中国が制定する「海警法」で海警局に付与する身勝手かつ恐ろしい機能

中国が制定する「海警法」で海警局に付与する身勝手かつ恐ろしい機能

 中国の全人代(全国人民代表大会)は11月4日、中国の海上警備を担う海警局の権限について、外国船が中国管轄海域で停戦命令に従わない場合の武器使用などを認める内容を含む80条からなる「海警法」法案の全文を公表した。法案は、12月3日までの意見公募の後に採択されるという。

 法案には「海上法執行機関の職員は、犯罪者の性質、程度および緊急性から武器の使用について合理的な判断を行う」とあり、中国が主張する「管轄海域」には南シナ海も東シナ海も含まれ、尖閣諸島を自国領と国内法で定める中国だ。尖閣周辺で操業する日本や台湾の漁船に対して、中国領海に違法に侵入したとして停船命令を発し、停船命令に従わないと判断した場合、武器を使う根拠を与える法案だ。判断はあくまでも中国にあるとする、香港国家安全維持法を想起させるなんとも身勝手な、そして恐ろしい国内法なのだ。
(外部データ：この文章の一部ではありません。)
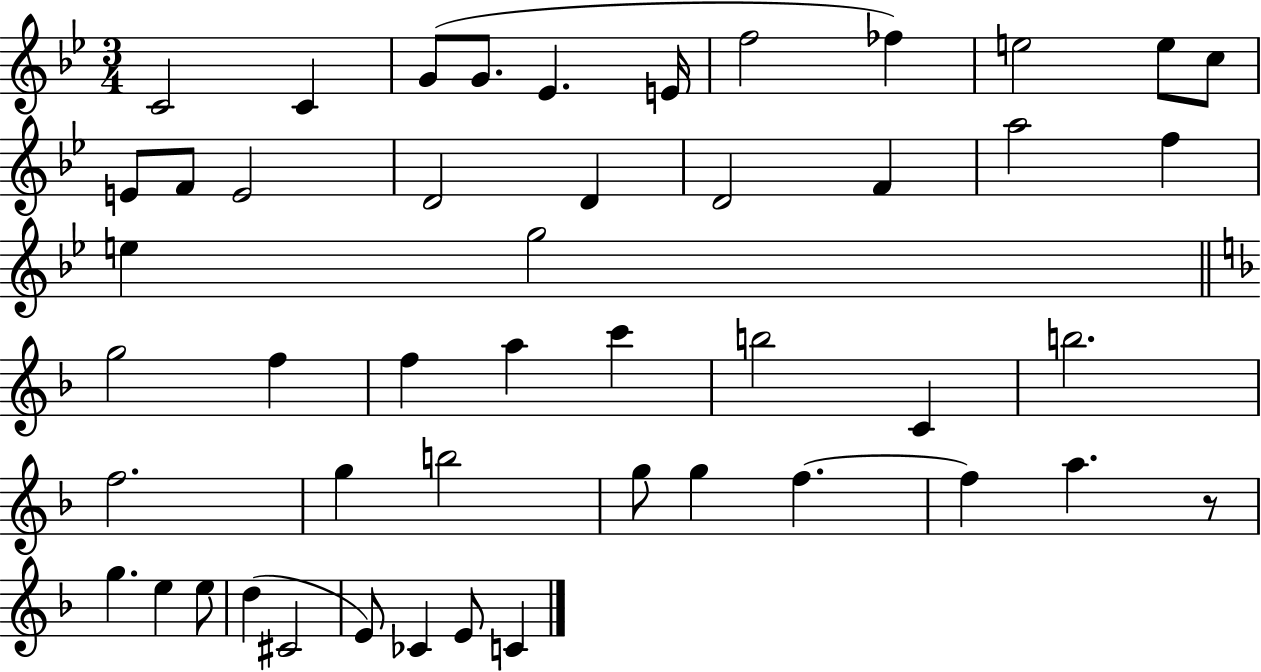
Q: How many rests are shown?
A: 1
 南シナ海の沿岸国や日本などの漁船に南シナ海や東シナ海に近づけさせないようにする威嚇の法案とも指摘されている。近づかなくなれば、自ずと南シナ海と東シナ海は中国の海となる。これも中国三戦の法戦の一つなのだろう。

 中国海警局が人民武装警察部隊に編入されたのは2年前の2018年7月1日。今回の海警法制定により海警局は軍事組織としての機能を付与されたと言ってよい。
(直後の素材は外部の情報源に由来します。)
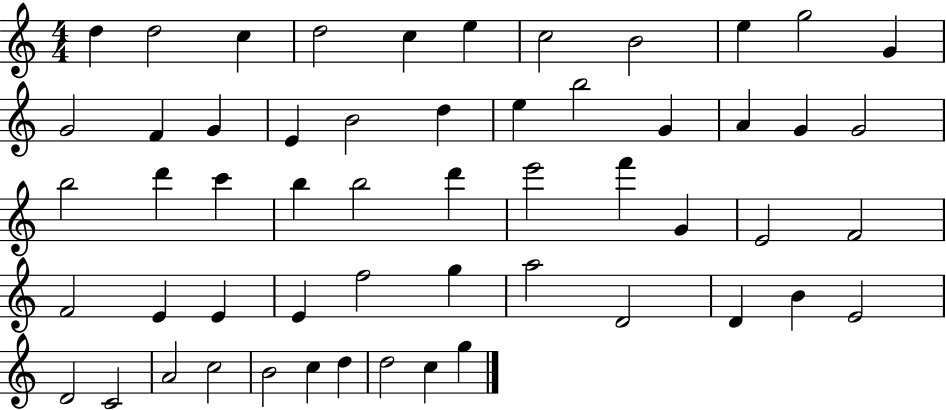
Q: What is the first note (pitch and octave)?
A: D5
 海上保安庁の巡視船による領海岸警備体制を増強することによる警戒監視に万全を尽くすことも必要であろうが、法治国家としては法戦には法戦で戦うしかあるまい。政府は、尖閣諸島周辺海域での日本漁船の操業を円滑に維持するための根拠となる法解釈や新たな法を定めることも考慮されたい。
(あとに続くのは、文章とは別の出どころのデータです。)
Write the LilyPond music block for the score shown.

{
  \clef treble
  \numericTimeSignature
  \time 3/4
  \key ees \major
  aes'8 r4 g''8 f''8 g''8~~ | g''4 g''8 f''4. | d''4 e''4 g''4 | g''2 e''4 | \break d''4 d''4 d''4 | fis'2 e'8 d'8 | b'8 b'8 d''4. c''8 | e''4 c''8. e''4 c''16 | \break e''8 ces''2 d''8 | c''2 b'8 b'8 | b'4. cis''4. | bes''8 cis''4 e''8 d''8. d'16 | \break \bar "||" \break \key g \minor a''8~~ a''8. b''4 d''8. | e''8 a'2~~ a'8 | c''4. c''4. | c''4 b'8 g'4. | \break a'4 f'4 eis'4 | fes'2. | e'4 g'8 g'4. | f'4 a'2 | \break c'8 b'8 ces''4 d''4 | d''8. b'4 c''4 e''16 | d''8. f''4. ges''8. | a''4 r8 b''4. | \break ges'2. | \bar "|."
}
—————————————————————————————–中国 海警局に“外国船舶への武器使用”認める法律の草案【NHKニュース:2020年11月5日】

 中国の周辺海域で監視などを行う中国海警局の任務や権限を定めた法律の草案が明らかになり、管轄する海域で違法に活動する外国の船舶に対し、停船命令などに従わない場合は、武器の使用を認めるとしています。中国が領有権を主張する沖縄県の尖閣諸島周辺で、日本の漁船への影響が懸念されます。

 中国の立法機関、全人代=全国人民代表大会は、中国の周辺海域で監視などを行う中国海警局の任務や権限を定めた「海警法」の審議を行っていて、4日に、草案の内容を初めて公表しました。

 草案では、海警局は違法に中国の領海に進入してきた外国の船舶を強制的に追い払ったり、取り調べたりする権限を持つなど、具体的な任務を規定しています。

 そのうえで、外国の船舶が、中国の管轄する海域で違法に活動し、停船命令などに従わない場合は、武器を使用できるとしています。

 対象の海域については、領海に加え、排他的経済水域や大陸棚なども含むとしています。

 中国は、領有権を主張する沖縄県の尖閣諸島の沖合で、日本の領海への侵入を繰り返し、日本の漁船を追尾する動きも見せています。

 中国は海警局を軍の指揮下にある武装警察に編入し、船舶を大型化させていて、今後、活動を一層、活発化させるおそれもあり、法律が制定されれば、尖閣諸島周辺で操業する日本の漁船への影響が懸念されます。

◆加藤官房長官「高い関心を持って注視」

 加藤官房長官は、午前の記者会見で、「他国の法案や動きのひとつひとつにコメントするのは差し控えてきたが、この法案を含め、中国海警局をめぐる動向については、引き続き、高い関心を持って注視していきたい」と述べました。

 そのうえで、「政府としては、日本漁船を含む、国民の生命、財産、わが国の領土、領海、領空を断固として守り抜くという方針のもとで、尖閣諸島周辺の警戒監視に万全を尽くし、中国に対し、引き続き、冷静かつきぜんと対応したい」と述べました。